Le tentazioni erotiche suscitategli da Aurelie, incontrata in confessionale, divengono blasfeme per il fatto che la giovane è identica alla santa Rosalie rappresentata in un quadro dell’abbazia. La potenza seduttiva di questa immagine suscita in Medardus un dilacerante anelito di amore/morte: egli vorrebbe possedere Aurelie in quanto proiezione della santa, per poi ucciderla consacrando al demonio la sua anima.
Il finale rivela la predestinazione di Medardus ad espiare e redimere una colpa dei suoi avi, la cui parentela si intreccia a quella di Aurelie attraverso incesti e unioni degeneri; ma la decisione finale spetta solo al monaco, che in atmosfera onirica e surreale deve continuamente fare i conti con il suo lato oscuro, quel Doppelgänger scatenato dagli elisir che emerge come un’apparizione demoniaca.
Con questo romanzo Hoffmann distrugge l’archetipo umano prevalente nell’immaginario post-illuminista della sua epoca. Medardus è un Io privo di un centro preciso, simbolo di un’umanità dall’identità indefinita.
Lo sdoppiamento della coscienza e le continue trasformazioni fisiche e di personalità di Medardus, che riveste i panni di svariati personaggi in una complessa molteplicità di nuclei psichici, sono espressione di quel Romanticismo al suo tramontare che andava scoprendo sotto la fittizia unità dell’individuo non soltanto una dialettica freudiana di conscio e inconscio, ma un vero e proprio arcipelago dell’Io in continua mutazione.
Lo sdoppiamento e la frammentazione dell’identità si configurano in modo del tutto nuovo nel secolo XXI. L’avvento di Internet e dei Social Network consente a chiunque di crearsi un’identità alternativa, virtuale, che, oltre a configurarsi come identità “pubblica”, permette di filtrare tutte le informazioni riguardanti il soggetto e di selezionare solo quello che si vuole rappresentare agli occhi degli altri. Il doppio virtuale è insomma un doppio “ripulito”, deontologico, mentre ciò che è socialmente meno accettabile o inaccettabile rimane circoscritto al campo del reale. La tecnologia Mobile inoltre consente di essere costantemente online e di far vivere il nostro alter–ego virtuale in modo continuo e parallelo alla nostra vita quotidiana, condividendo con gli altri in tempo reale, anche attraverso immagini, quello che ci accade.

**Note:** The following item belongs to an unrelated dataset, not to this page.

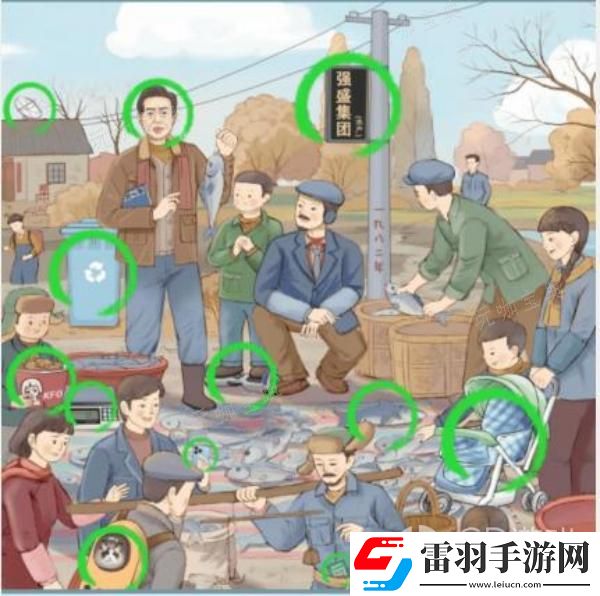 資源攻略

In modo analogo ma opposto la creazione di un doppio virtuale può essere funzionale alla manifestazione di desideri e pulsioni socialmente inconfessabili; al profilo ufficiale si sostituisce quindi un’identità fittizia attraverso la quale si rende possibile l’appagamento spesso solo virtuale degli istinti. A volte profilo ufficiale e identità virtuale fittizia coesistono proprio come nella realtà convivono personalità pubblica e lato oscuro dell’individuo.

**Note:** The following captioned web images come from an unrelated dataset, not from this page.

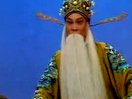 平调《徐策跑城》- 经典戏曲赏析 - 房志彬精彩演绎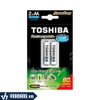 Toshiba TNHC-6GME2 CB | Bộ Sạc Kèm Pin AA Dung Lượng 2000mAh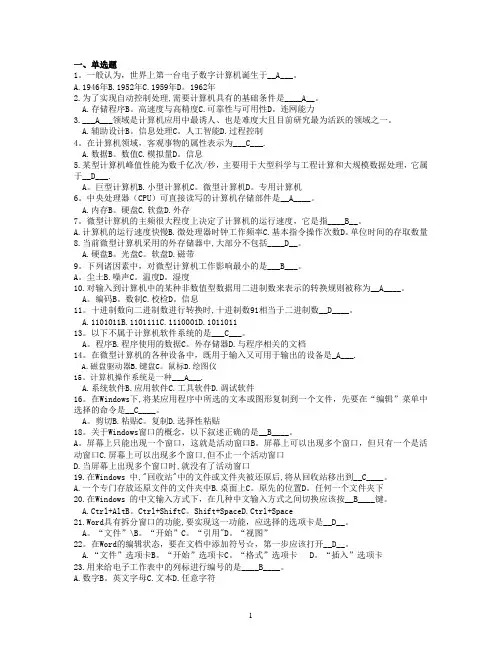 计算机应用基础题库及答案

Vi sono casi in cui l’individuo si crea identità virtuali multiple, rappresentanti ciascuna uno o più aspetti della propria personalità. Questo arcipelago virtuale di identità diventa quindi una mappa attraverso cui leggere e cercare di dare un senso alla frammentazione dell’identità di un individuo, che non riuscendo a trovare una coesione tra i propri differenti aspetti sente la necessità di rappresentarli separatamente, a seconda del target a cui si rivolge, proprio come un Pirandello post-moderno.